Please transcribe exactly, and only, the lines of the data below between the line holding "Las fuertes lluvias" and the line holding "BOSS Slim Fit", inclusive.

Data entries:
============================================================
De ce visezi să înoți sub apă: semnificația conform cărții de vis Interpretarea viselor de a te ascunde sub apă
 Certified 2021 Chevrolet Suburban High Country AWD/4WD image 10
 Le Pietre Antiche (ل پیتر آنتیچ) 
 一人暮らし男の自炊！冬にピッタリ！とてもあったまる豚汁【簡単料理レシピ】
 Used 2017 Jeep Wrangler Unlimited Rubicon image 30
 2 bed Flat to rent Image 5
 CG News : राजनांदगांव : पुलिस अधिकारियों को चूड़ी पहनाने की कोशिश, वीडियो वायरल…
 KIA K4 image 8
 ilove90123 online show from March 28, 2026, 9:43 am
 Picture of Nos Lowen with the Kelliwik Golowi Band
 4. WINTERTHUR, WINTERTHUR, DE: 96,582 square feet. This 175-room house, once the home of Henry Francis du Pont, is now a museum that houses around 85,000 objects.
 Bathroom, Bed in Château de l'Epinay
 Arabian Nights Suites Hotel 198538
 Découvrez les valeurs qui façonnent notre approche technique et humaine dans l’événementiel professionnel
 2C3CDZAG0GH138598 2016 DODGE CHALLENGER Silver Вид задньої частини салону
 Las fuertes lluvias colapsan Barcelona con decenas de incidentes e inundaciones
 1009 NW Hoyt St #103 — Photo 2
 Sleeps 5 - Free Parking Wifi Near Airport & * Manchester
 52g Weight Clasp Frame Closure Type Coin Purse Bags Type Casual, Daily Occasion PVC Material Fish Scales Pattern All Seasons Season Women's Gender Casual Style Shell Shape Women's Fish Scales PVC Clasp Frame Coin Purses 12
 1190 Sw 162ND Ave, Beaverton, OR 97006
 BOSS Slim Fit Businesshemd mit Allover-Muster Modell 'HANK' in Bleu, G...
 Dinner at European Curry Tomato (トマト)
============================================================
* WORKED SOLUTION *
 Las fuertes lluvias colapsan Barcelona con decenas de incidentes e inundaciones
 1009 NW Hoyt St #103 — Photo 2
 Sleeps 5 - Free Parking Wifi Near Airport & * Manchester
 52g Weight Clasp Frame Closure Type Coin Purse Bags Type Casual, Daily Occasion PVC Material Fish Scales Pattern All Seasons Season Women's Gender Casual Style Shell Shape Women's Fish Scales PVC Clasp Frame Coin Purses 12
 1190 Sw 162ND Ave, Beaverton, OR 97006
 BOSS Slim Fit Businesshemd mit Allover-Muster Modell 'HANK' in Bleu, G...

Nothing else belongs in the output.